Forests are Essential to a Safe and Clean Water Supply

Forests produce clean water for 180 million Americans. Not only do our forests improve water quality through canopy interception, but they help water to soak into the soil, and serve as natural filters to protect our streams, rivers, and lakes.

However, the benefit works both ways. Trees — like humans — are made up of majority water and need a steady source of it to grow and stay healthy. A single mature oak can consume (transpire) over 40,000 gallons of water in a year! So it is clear that forests and water must work together to thrive.

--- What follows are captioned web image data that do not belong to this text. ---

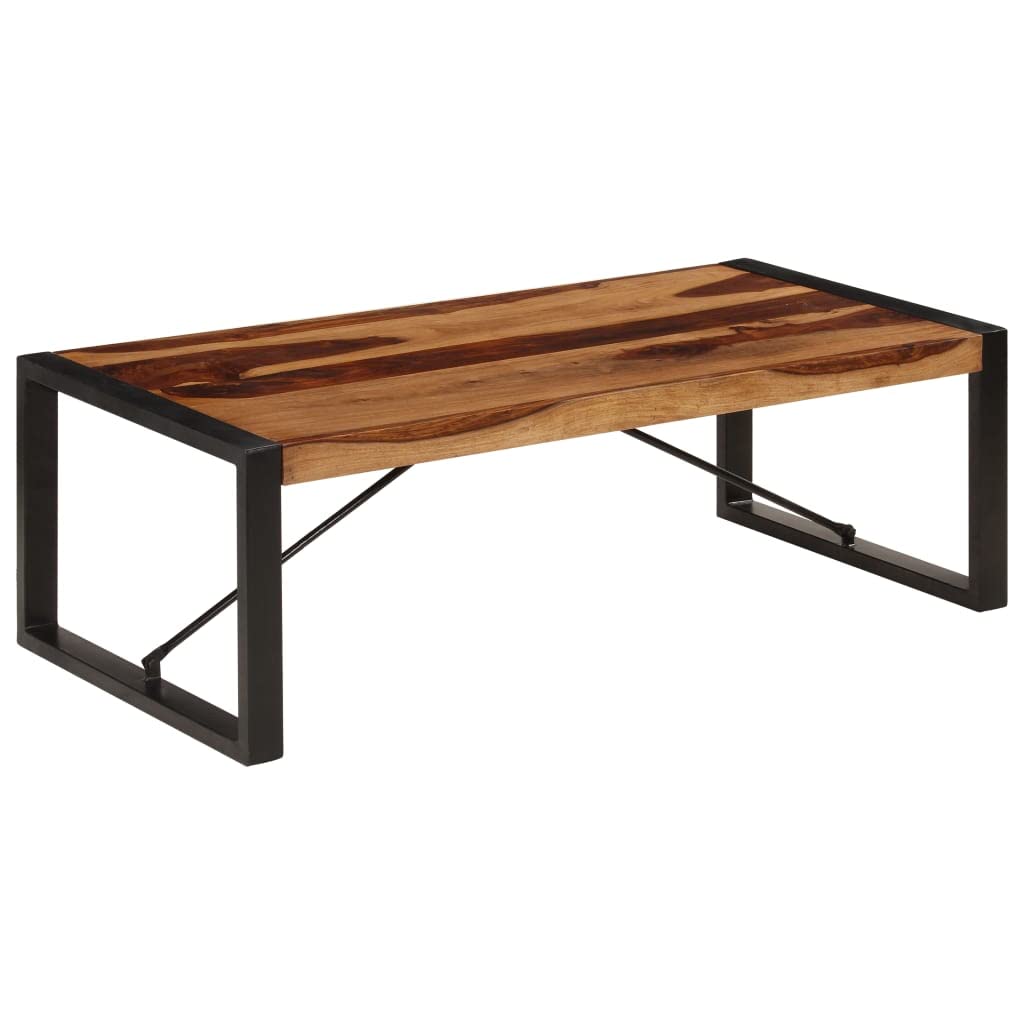Industrial Style Coffee Table - 47.2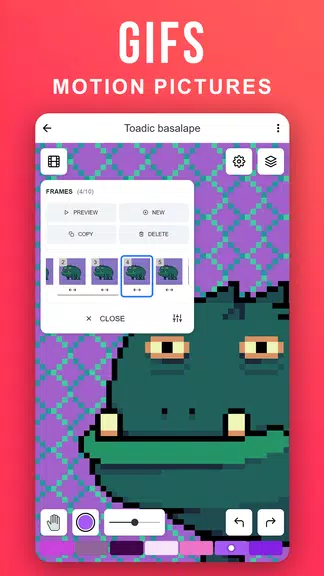 Pixilart - Make Pixel Art Screenshot3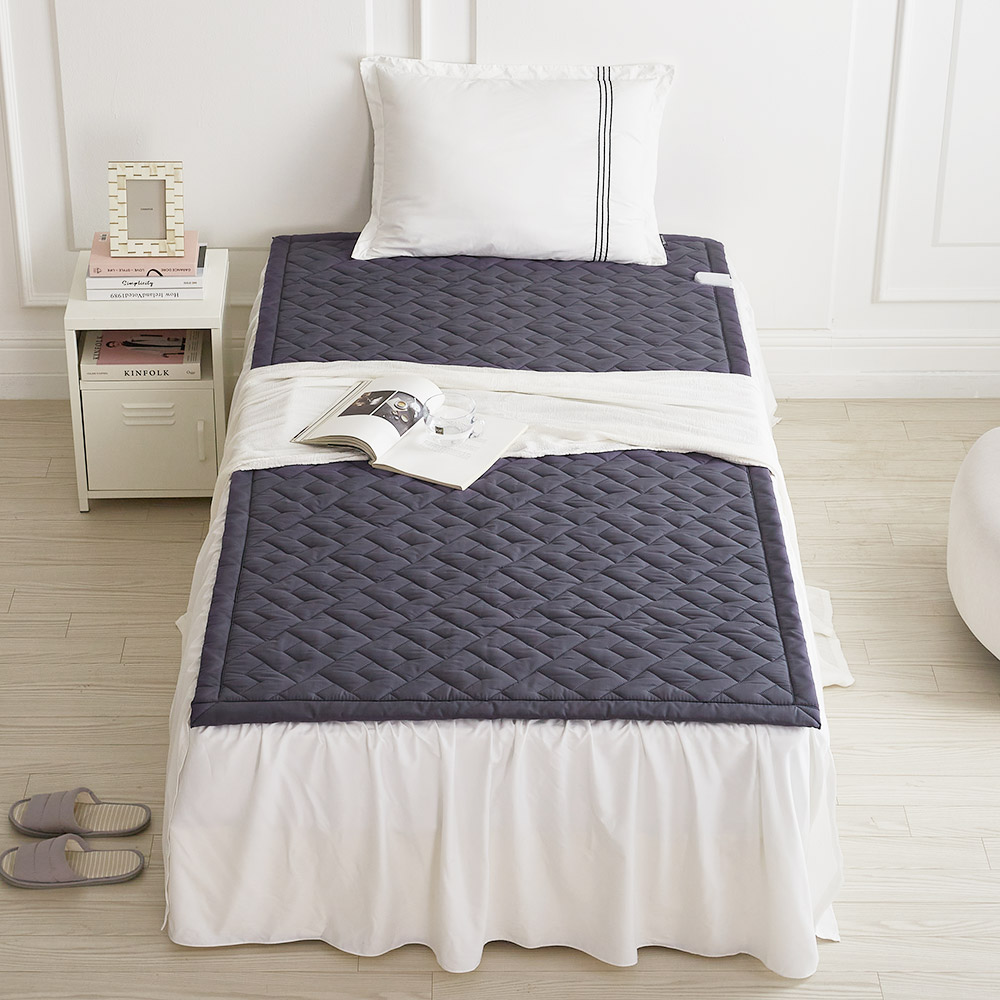 고급원단 한일의료기 전자파없는 탄소매트 전기매트 전기요, 챠콜그레이 121,120원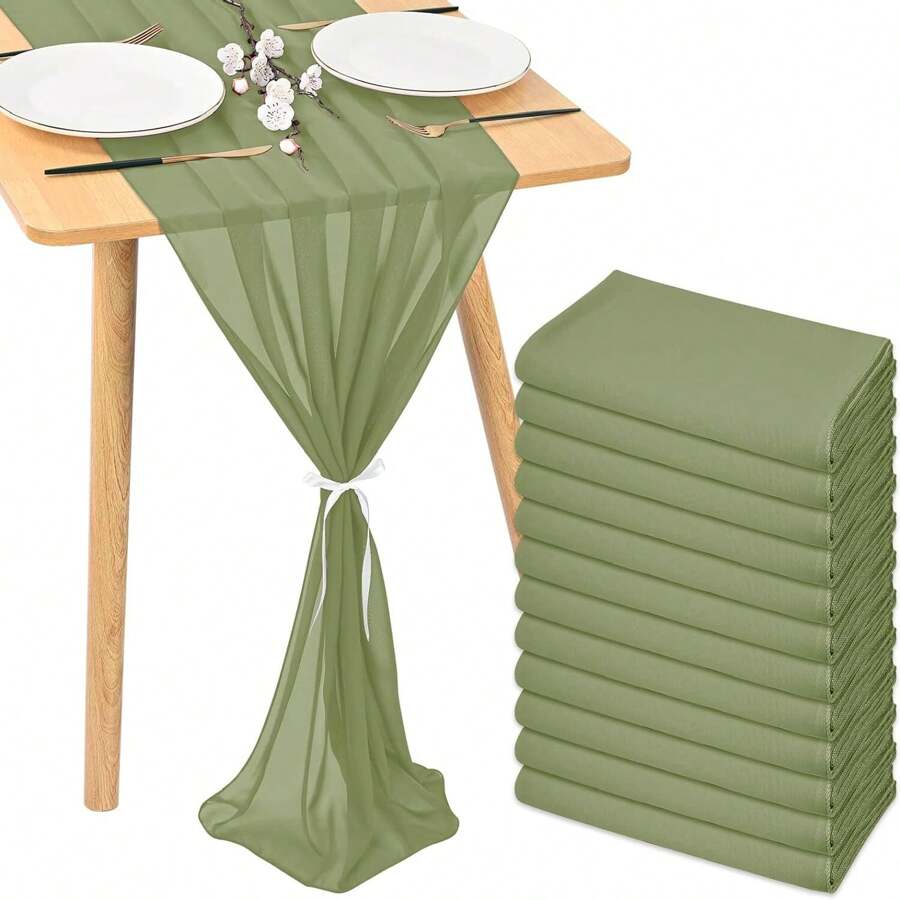 Nappe en chiffon, cadeau idéal pour la douche de mariage, la douche de bébé, l'enterrement de vie de jeune fille, l'anniversaire, la décoration de vacances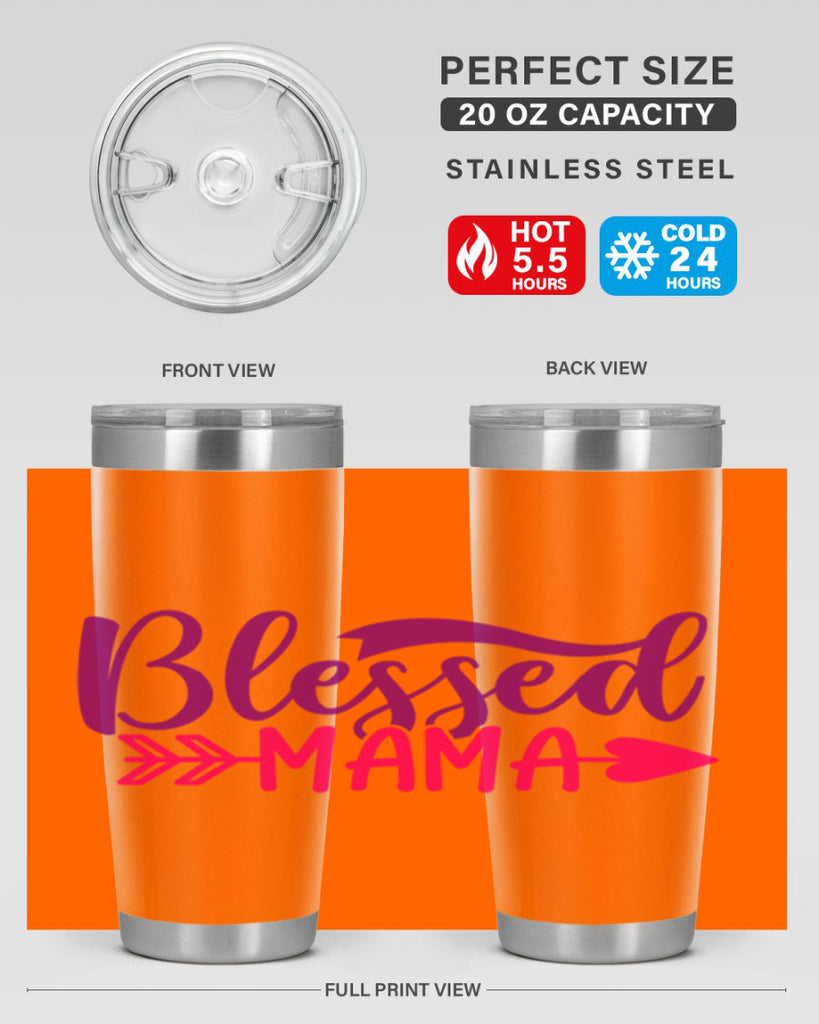 Blessed Mama Style 278#- baby- tumbler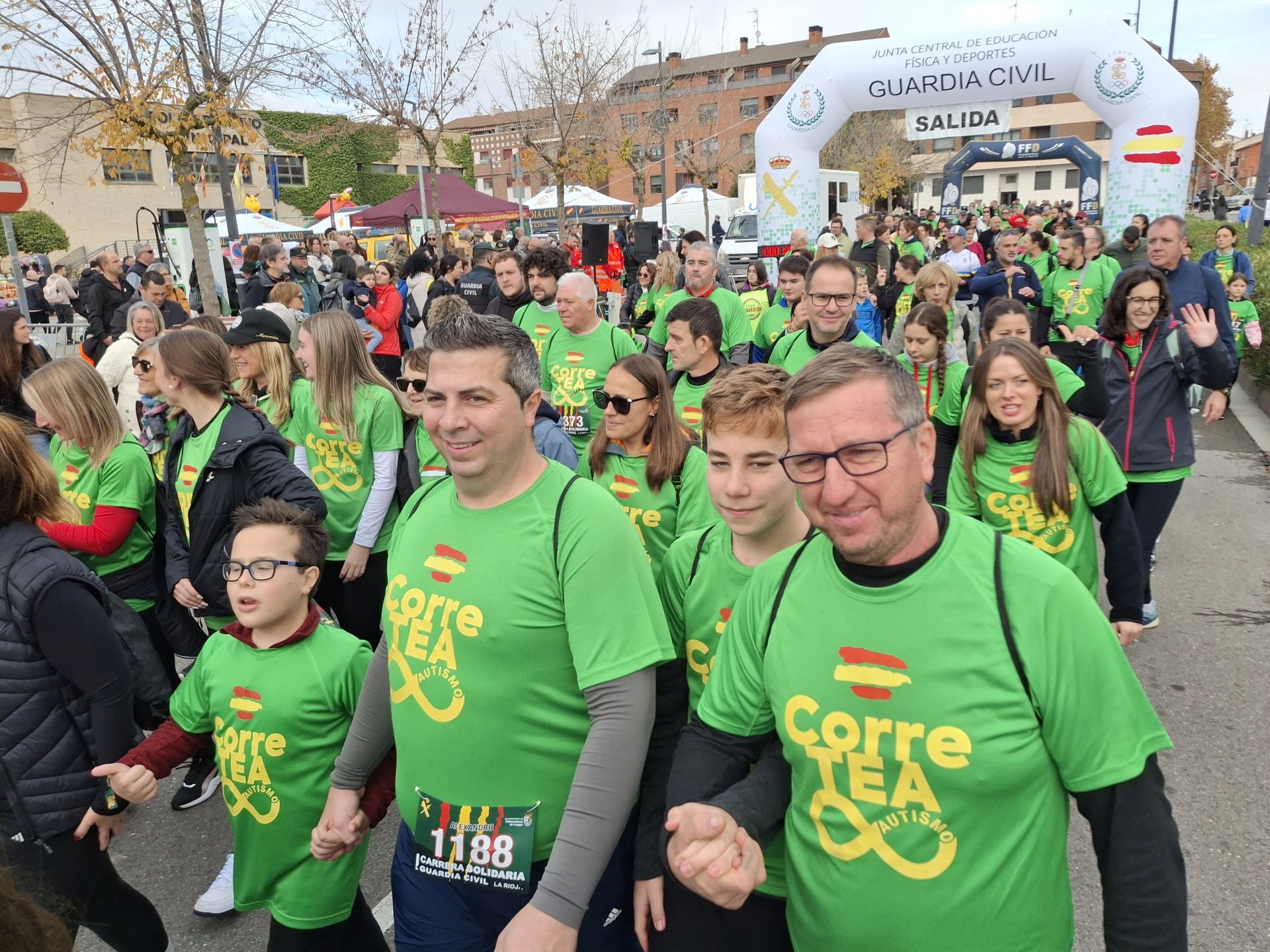 I Carrera Solidaria de la Guardia Civil de La Rioja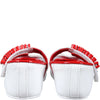 Moschino Infant Shoe Red White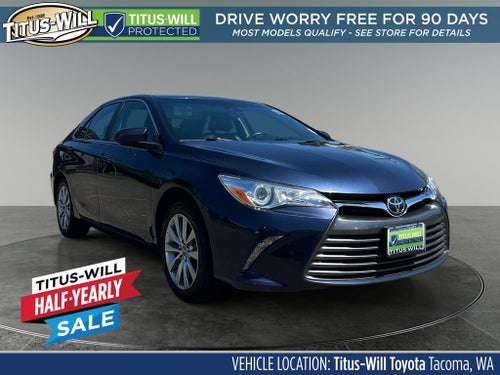 2017 Toyota CAMRY XLE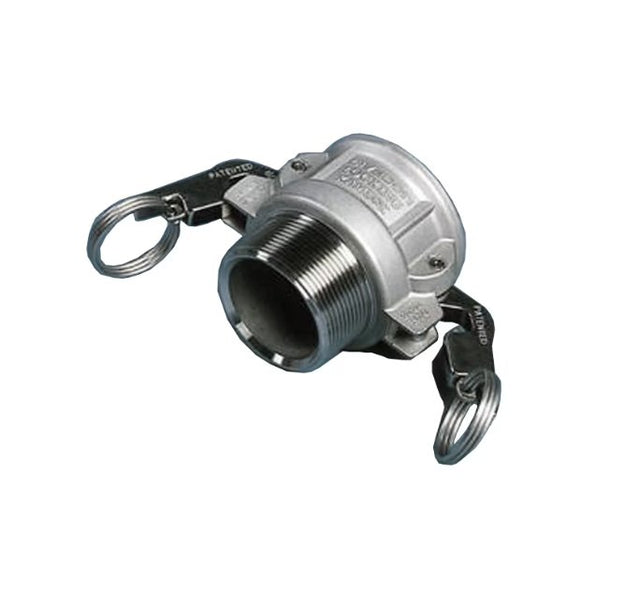 Nokkavipuliitin Kamlok LL Autolok 733-BBL 2 SS Naaras UK - KarelianStore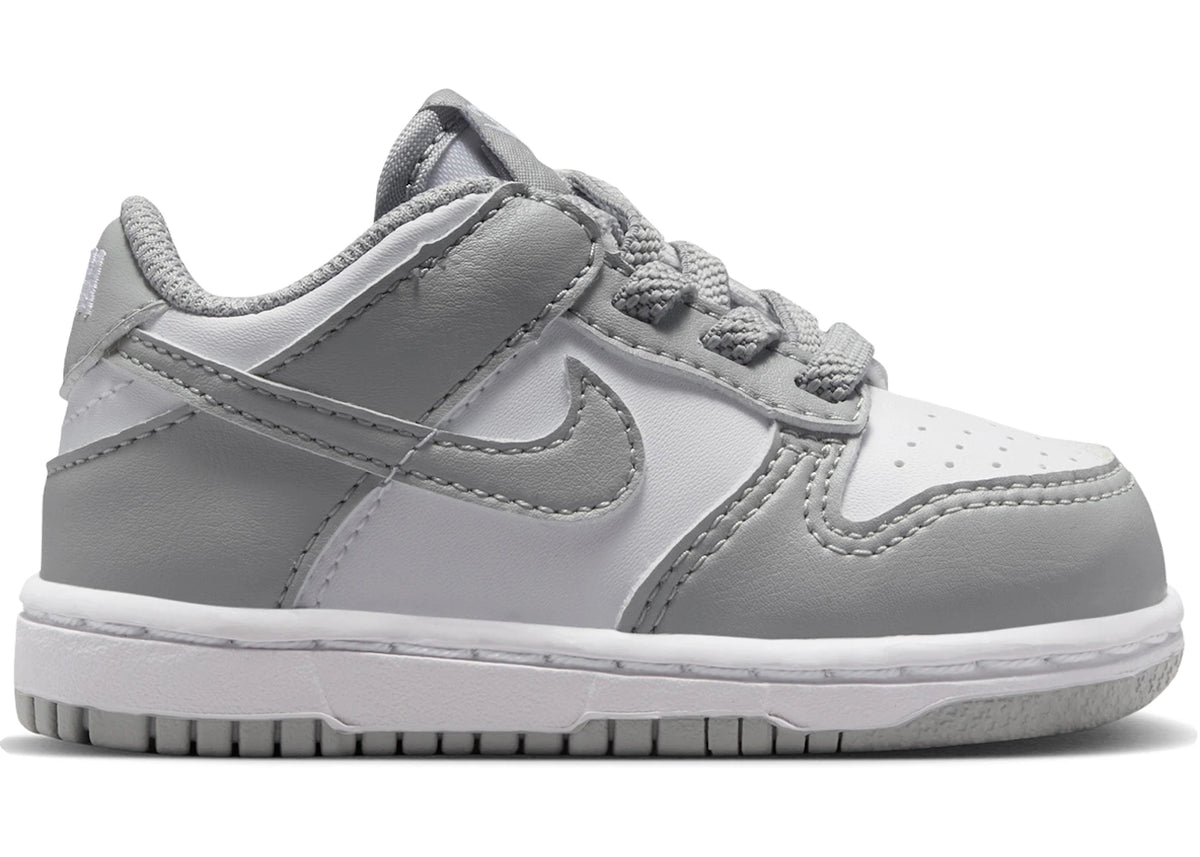 Nike Dunk Low Light Smoke Grey White (TD)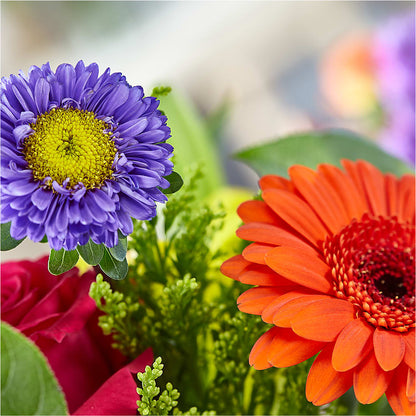 Bold & Bright – A Florist Original –  Rainbow Flower Shop, Huron SD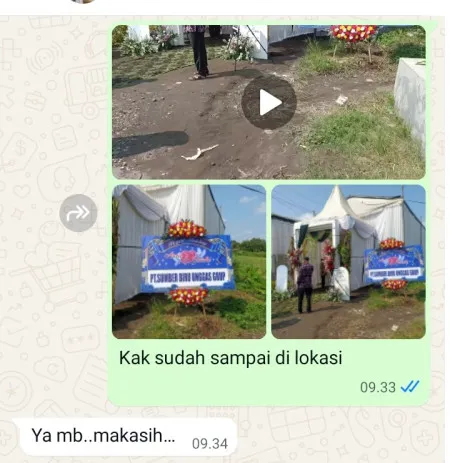 Pengiriman Karangan Bunga Sumbawa Barat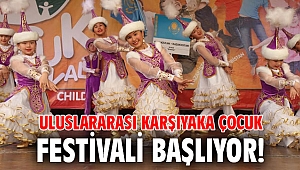 ULUSLARARASI KARŞIYAKA ÇOCUK FESTİVALİ BAŞLIYOR!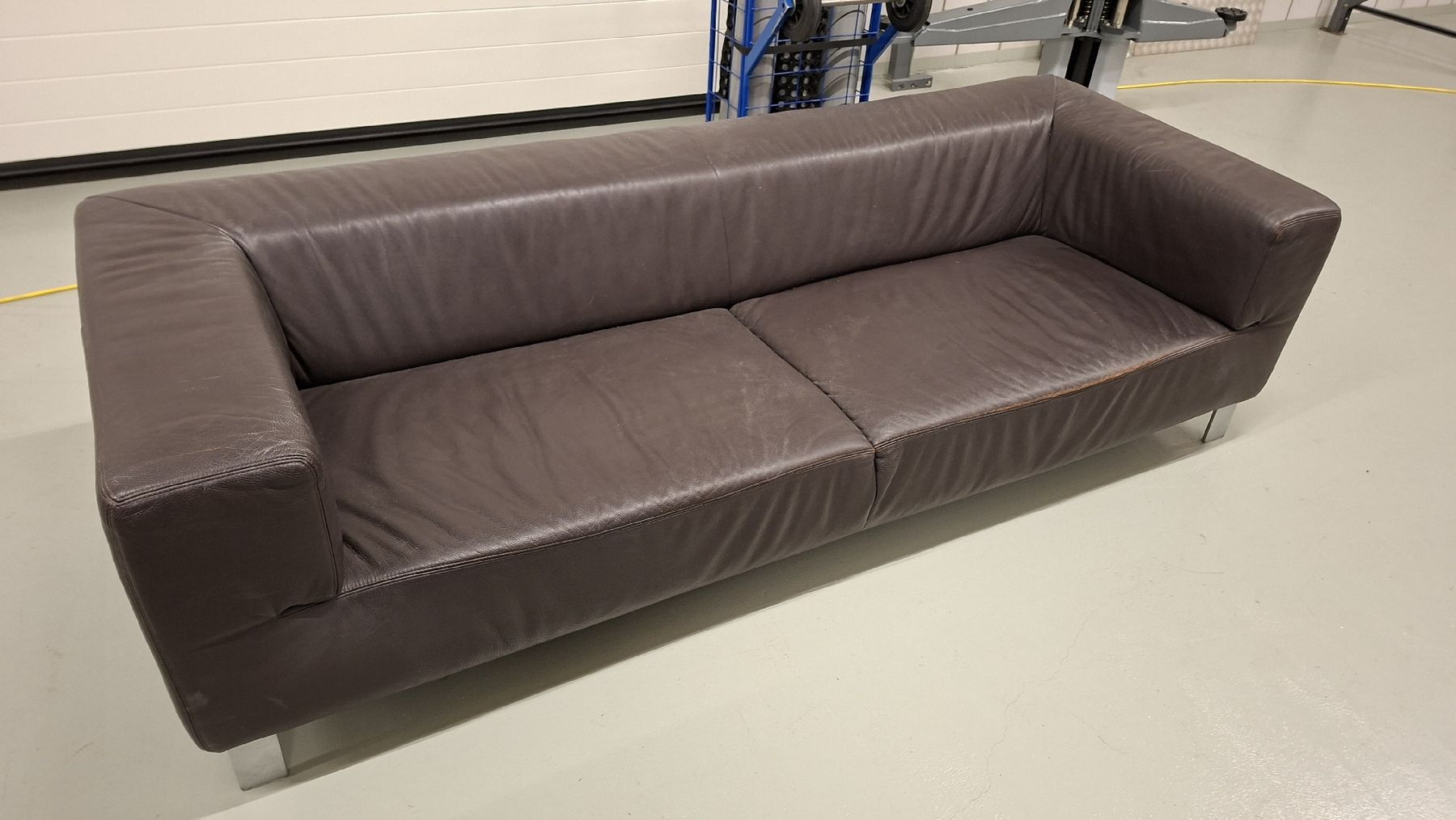 Koinor Divani: KOINOR Ledersofa braun – Usato da Seftigen venduto da 9-10-100-77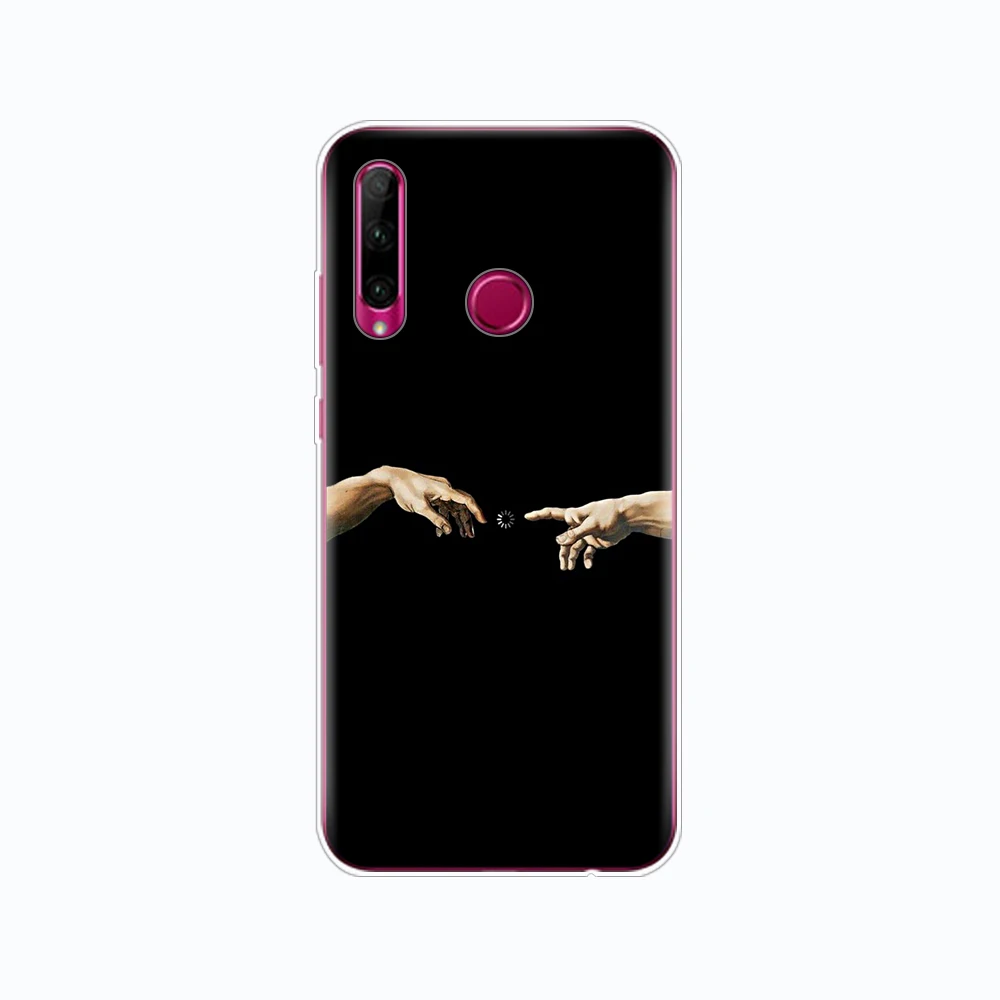 52406 Чехол для Honor 10i HRY-LX1T, силиконовый чехол из ТПУ, чехол для Huawei Honor 10i Honor10i 10 i, бампер, 6,21 дюймов, противоударный - Цвет: 52406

Humans need water and trees to flourish in tandem, too. American Forests points to trees as a solution to many of our water-related challenges.

Forests help keep pollutants out of streams and reduce damage from floods by slowing and storing rain.

Evapotranspiration, the movement of water from the ground, through trees and leaves and back to the environment, allows for clouds to form and significant precipitation to fall. It also serves to cool hot summer swelter.

Riparian, or streamside, forest buffers address many problems affecting water quality, ecosystems, and flooding. Planting and maintaining woody vegetation along streams provides a wealth of benefits, including filtering sediment, removing nitrogen and phosphorous leaching from adjacent agricultural land uses, providing stability to the bank through a wood root system, shading and modifying stream temperatures, and even reducing stream velocity. The shade they provide even plays a vital role in the life cycle of some fish!

Strategic forest restoration is a worthwhile investment and can save taxpayers money as well. While filtering runoff and reducing erosion, it can lower costs to treat drinking water and deter harm from storm events.

To these ends, American Forests continues to work with partners like the PUR project, the U.S. Fish & Wildlife Service, local conservation districts, and even private landowners to plant trees along streams and waterways. Our projects provide flood protection to surrounding communities and reduce runoff from storm events by nearly 1 billion liters. We also focus on reforesting areas that are important sources of drinking water to places like California’s Bay Area, south Texas, and northeast Florida.

There is no substitute for safe, clean water, and there is little we can do to save the earth’s supply. Little, that is, except plant a tree.